IMAGENS: ANDRÉ ÁVILA
SOB A AMEAÇA DE UMA FACA E DO HIV
Jardim Carvalho, 8/6/2012 – Em uma noite de sexta-feira, uma mulher de 28 anos foi estuprada pelo homem de quem havia se separado três meses antes. Com uma faca na mão, o ex-companheiro, um dependente químico soropositivo, avisou: transariam até que ele lhe transmitisse o vírus HIV.
– Ou vou abrir um talho na tua cara – ameaçou.
Uma perícia policial atestou os ferimentos que a mulher sofreu em uma das mãos. Mas nunca se pediu o exame que poderia auxiliar na comprovação do estupro. Em outubro de 2015, o suspeito foi indiciado por lesão corporal. O processo tramita em um Juizado de Violência Doméstica e Familiar.

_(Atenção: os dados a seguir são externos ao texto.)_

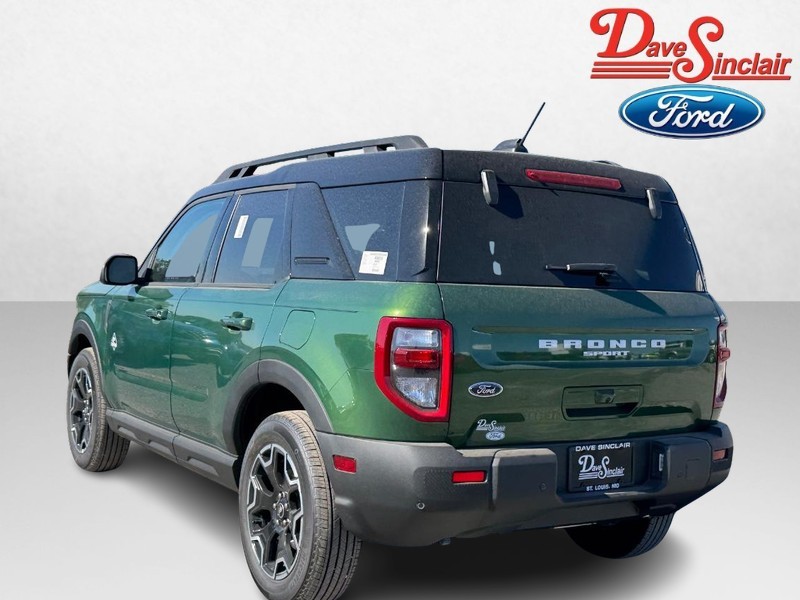 Ford Bronco Sport Vehicle Full-screen Gallery Image 09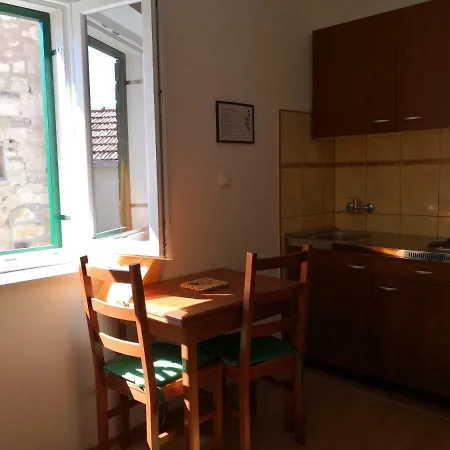 Jaksic Apartment *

SOB AMEAÇA DA SODA CÁUSTICA
Bairro Farrapos, 22/5/2013 – Nem havia amanhecido quando a mulher foi despertada por um chamado à porta. Era seu ex-marido, que, três anos antes, havia sido preso por agredi-la. Segundo ela, ele trazia em mãos uma lata com um líquido branco. Disse ser soda cáustica, substância conhecida pelo efeito corrosivo sobre a pele, que seria lançada sobre ela caso se recusasse a acompanhá-lo até a sua casa.
Mantida em cárcere privado e ameaçada com uma faca, foi forçada a fazer sexo. Horas depois, o agressor pegou no sono. Ela conseguiu escapar pela porta da frente.
A mulher denunciou o agressor à polícia, que o indiciou pelo estupro. O processo judicial está arquivado há dois meses. ZH não teve acesso à decisão porque a ação está sob segredo de Justiça.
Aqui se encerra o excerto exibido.